A rate increase, if it happens, will be shallow and would almost certainly be associated with a downward revision of long-term U.S. growth - a negative for the prospect of future rate increases.
That is likely to reassure gold investors in the medium term and could encourage some who have been hanging on the sidelines to buy. Meanwhile uncertainty from the U.S. elections and the ongoing fall out from Brexit will provide spikes of uncertainty of the sort that gold investors adore.
The question then becomes what is going to trigger Goldman's "significant leg up" for gold stocks. The bank's answer is dividends.
Large gold companies currently pay an abysmal average yield of about 2%.
With cash flowing in, balance sheets already strengthened, and investment in new projects likely to be years away due to the drop off in spending on exploration in recent years, gold producers will come under pressure to increase distributions.

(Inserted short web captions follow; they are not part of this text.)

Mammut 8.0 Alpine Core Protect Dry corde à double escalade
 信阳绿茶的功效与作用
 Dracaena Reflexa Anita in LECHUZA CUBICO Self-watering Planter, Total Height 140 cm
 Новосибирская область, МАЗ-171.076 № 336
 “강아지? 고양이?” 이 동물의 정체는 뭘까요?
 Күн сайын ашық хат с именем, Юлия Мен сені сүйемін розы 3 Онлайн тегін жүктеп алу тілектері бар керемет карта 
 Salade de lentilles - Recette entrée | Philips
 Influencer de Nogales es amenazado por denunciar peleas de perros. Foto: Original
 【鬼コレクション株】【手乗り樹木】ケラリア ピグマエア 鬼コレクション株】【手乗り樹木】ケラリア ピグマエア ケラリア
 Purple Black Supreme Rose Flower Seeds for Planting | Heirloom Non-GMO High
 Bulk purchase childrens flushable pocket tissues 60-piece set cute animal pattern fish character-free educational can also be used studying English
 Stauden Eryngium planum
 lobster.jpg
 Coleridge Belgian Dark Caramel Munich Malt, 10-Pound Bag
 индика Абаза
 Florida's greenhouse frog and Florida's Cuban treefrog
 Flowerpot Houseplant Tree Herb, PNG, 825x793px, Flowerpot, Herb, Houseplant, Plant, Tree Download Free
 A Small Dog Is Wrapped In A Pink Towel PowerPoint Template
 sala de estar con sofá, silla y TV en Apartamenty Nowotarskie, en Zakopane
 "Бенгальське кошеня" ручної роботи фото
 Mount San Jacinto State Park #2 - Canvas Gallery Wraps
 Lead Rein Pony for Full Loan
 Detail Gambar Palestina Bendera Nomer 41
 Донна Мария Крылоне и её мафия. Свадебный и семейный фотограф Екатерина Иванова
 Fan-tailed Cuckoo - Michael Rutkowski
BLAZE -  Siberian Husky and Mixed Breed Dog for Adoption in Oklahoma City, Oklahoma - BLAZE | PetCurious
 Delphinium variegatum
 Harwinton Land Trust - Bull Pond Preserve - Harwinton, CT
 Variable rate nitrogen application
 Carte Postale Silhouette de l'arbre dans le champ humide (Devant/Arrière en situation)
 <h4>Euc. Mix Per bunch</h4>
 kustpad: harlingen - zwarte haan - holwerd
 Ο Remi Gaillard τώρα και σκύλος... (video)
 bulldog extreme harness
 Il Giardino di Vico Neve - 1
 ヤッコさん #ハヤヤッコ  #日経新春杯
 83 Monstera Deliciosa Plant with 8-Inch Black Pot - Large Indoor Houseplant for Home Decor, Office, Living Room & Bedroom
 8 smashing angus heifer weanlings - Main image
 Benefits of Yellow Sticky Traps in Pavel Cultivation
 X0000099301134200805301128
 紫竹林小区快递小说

Goldman is currently predicting dividend yields will creep up to about 2.5% in 2017 and 2018, but notes that forecast free cash flow should enable companies to return an average 4% by 2017 and 5% by 2018.
Goldman's top picks are Randgold Resources (GOLD) , which has a 12-month price target of £120 ($157.3) per share, against a current share price of £73.20; Gold Fields (GFI) , with a price target of 110 South African rand ($7.72) against a current price of R68.38; AngloGold Ashanti (AU) , target price R400 against R217.6; and London-listed Centamin, which has a price target of 200 pence against a share price of 137.3 pence.